Kreml zażądał od Mińska przekazania białoruskiej armii pod swoje dowództwo.

Publikacja: 22.10.2015 21:09

Rodzina Łukaszenków: prezydent Aleksander i syn Kola

Rodzina Łukaszenków: prezydent Aleksander i syn Kola

Foto: AFP

Rosyjski minister obrony Siergiej Szojgu poinformował, że rozpoczęto prace nad „formowaniem wspólnej organizacji wojskowej państwa związkowego", czyli Związku Białorusi i Rosji. Do końca 2018 r. obie armie połączy wspólna „organizacja".

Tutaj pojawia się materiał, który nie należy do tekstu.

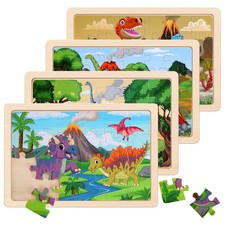 Wooden Dinosaur Puzzles Educational Brain Teaser 4 Pcs 20 Piece Kids Age 3 6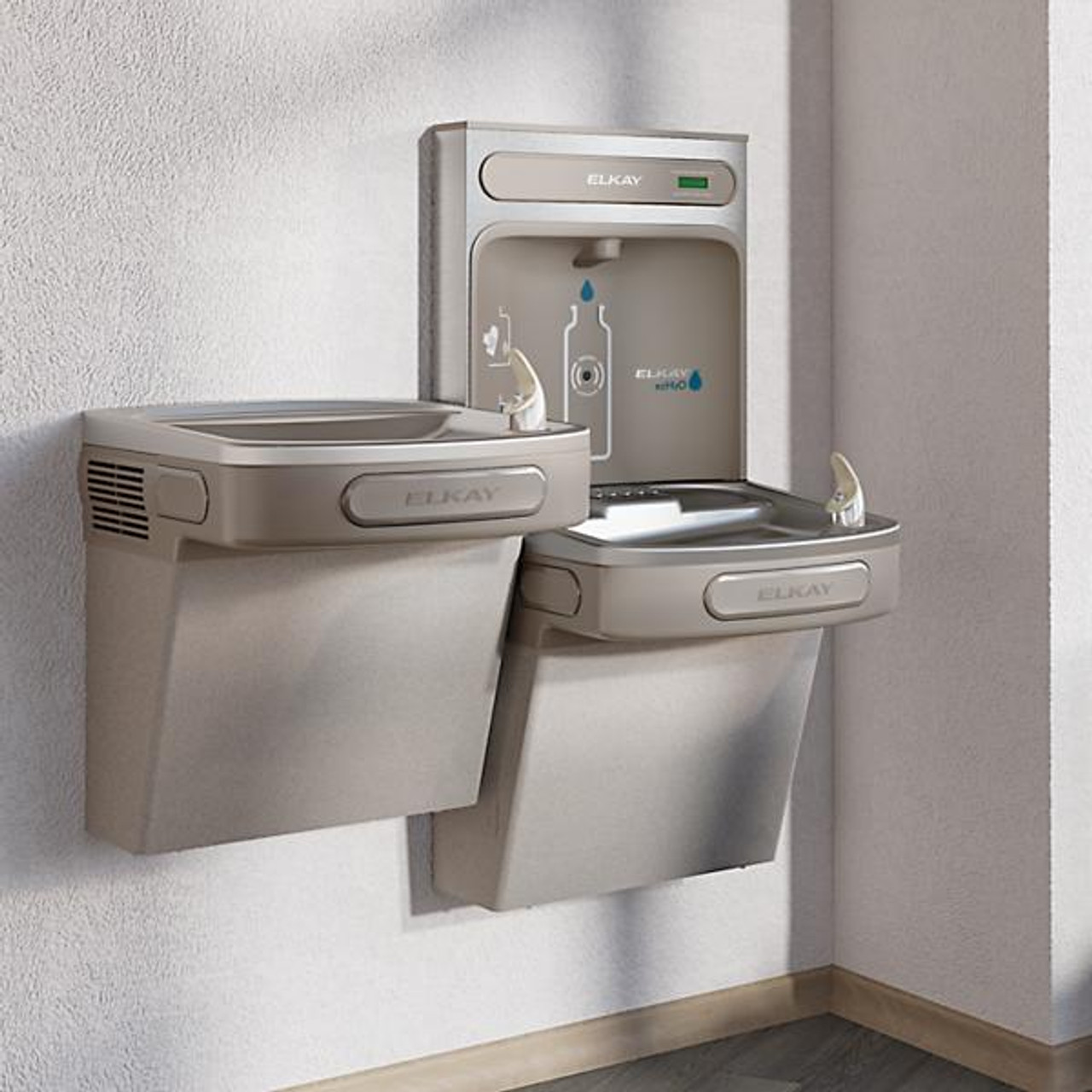 Elkay Wall Mount Bi-Level Drinking Fountain with Bottle Filler - Non-Filtered - Chicken Pieces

Oprócz jednego dowództwa Szojgu wspomniał też o „realizacji porozumienia o wspólnej ochronie zewnętrznych granic" Związku Białorusi i Rosji oraz „bojowych dyżurach w ramach Wspólnej Regionalnego Systemu Obrony Przeciwlotniczej". W pierwszym przypadku może to oznaczać pojawienie się rosyjskich żołnierzy m.in. na granicy z Polską, w drugim – rosyjskich samolotów w tym rejonie.

Baza czy armia

– Obecnie prawdopodobnie chodzi o powołanie jednego centrum dowodzenia, które przejmie kontrolę nad białoruską i rosyjską armią. Nietrudno się domyślić, kto będzie dominował, ponieważ białoruska armia jest nieporównanie mniejsza i słabsza od rosyjskiej – powiedział „Rz" białoruski analityk wojskowy Aleksander Alesin.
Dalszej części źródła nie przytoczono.